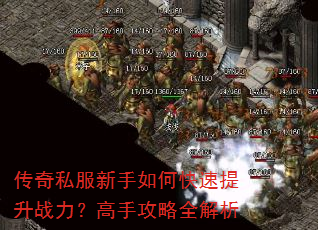 ����˽��������ο�������ս�������ֹ���ȫ����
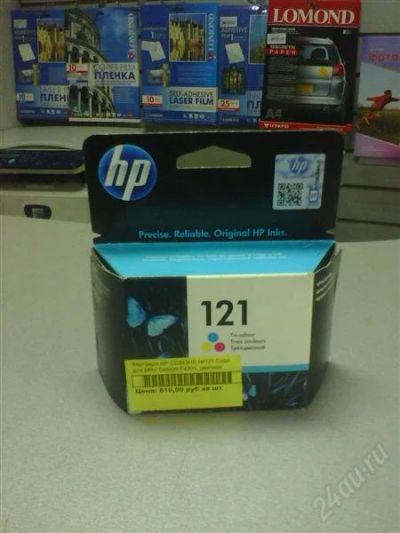 Лот: 2348203. Фото: 1. Картридж Hp121 цветной для Hp... Картриджи, расходные материалы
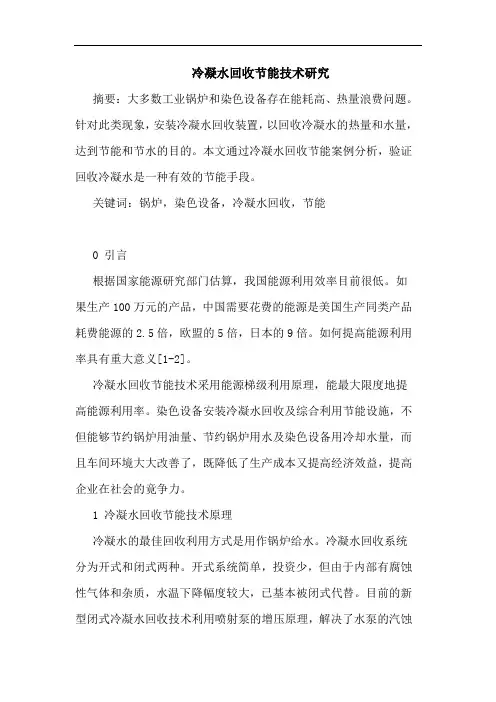 冷凝水回收节能技术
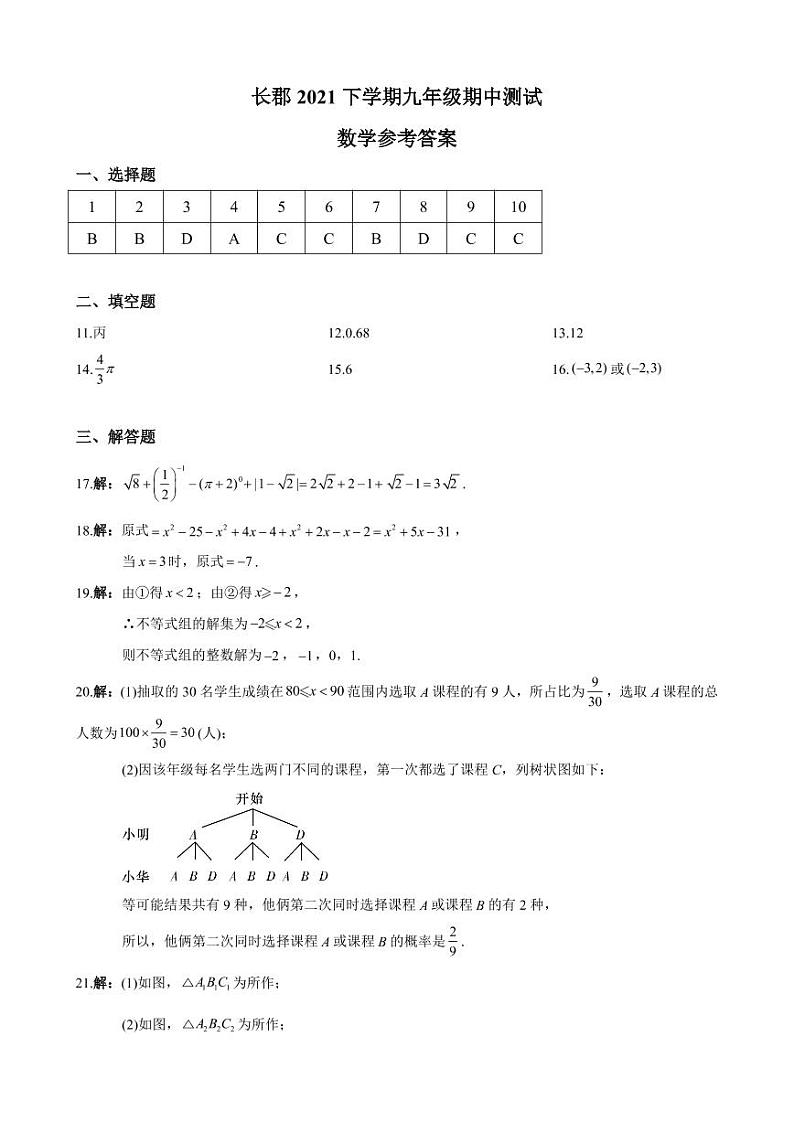 2021-2022-1长郡集团九上期中考试数学参考答案第1页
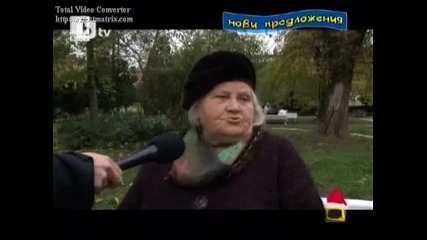Господари На Ефира 18.12.09. Новите Предложения за Рояци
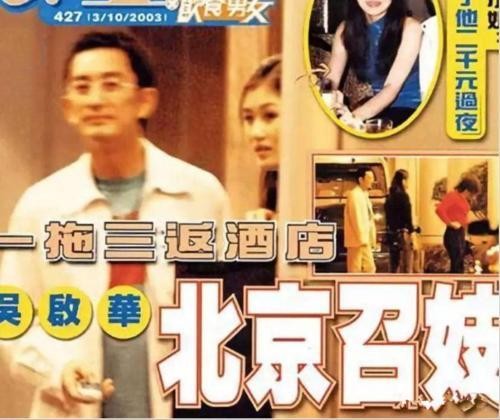 金巧巧潜规则照片(轻松上位金巧巧当三铁证)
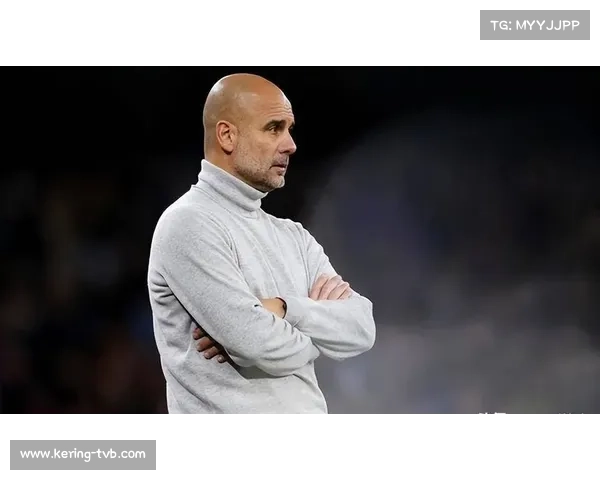 瓜迪奥拉称曼城目标卫冕，欧冠经验成关键优势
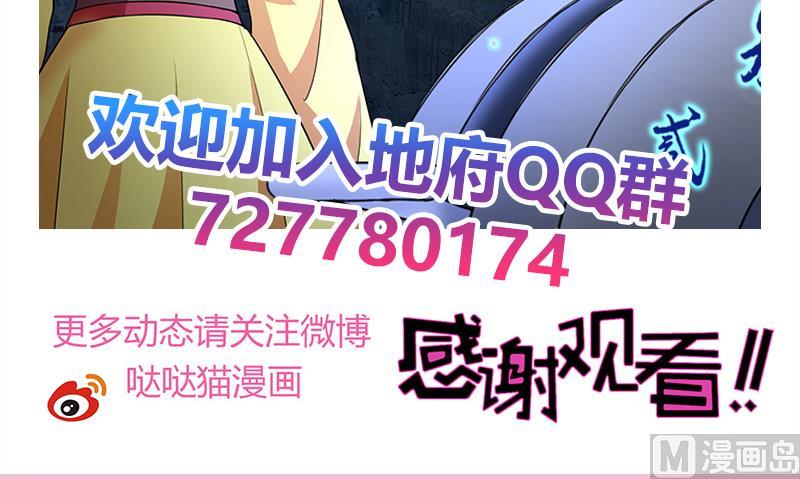 无敌混江龙韩漫全集-第200话 神族之力？无删减无遮挡章节图片 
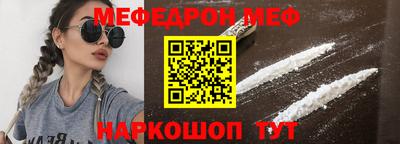 гидропоника Жуковский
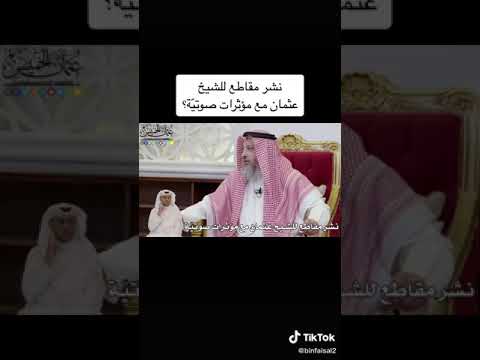 نشر مقاطع للشيخ عثمان مع مؤثرات صوتية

::::

* _WHAT YOU SHOULD DO_:
Please retype the listing exactly, leaving out any images.

* _ANSWER TO THIS TASK_:
 ����˽��������ο�������ս�������ֹ���ȫ����
 Лот: 2348203. Фото: 1. Картридж Hp121 цветной для Hp... Картриджи, расходные материалы
 冷凝水回收节能技术
 2021-2022-1长郡集团九上期中考试数学参考答案第1页
Господари На Ефира 18.12.09. Новите Предложения за Рояци
 金巧巧潜规则照片(轻松上位金巧巧当三铁证)
 瓜迪奥拉称曼城目标卫冕，欧冠经验成关键优势
 无敌混江龙韩漫全集-第200话 神族之力？无删减无遮挡章节图片 
 гидропоника Жуковский
 نشر مقاطع للشيخ عثمان مع مؤثرات صوتية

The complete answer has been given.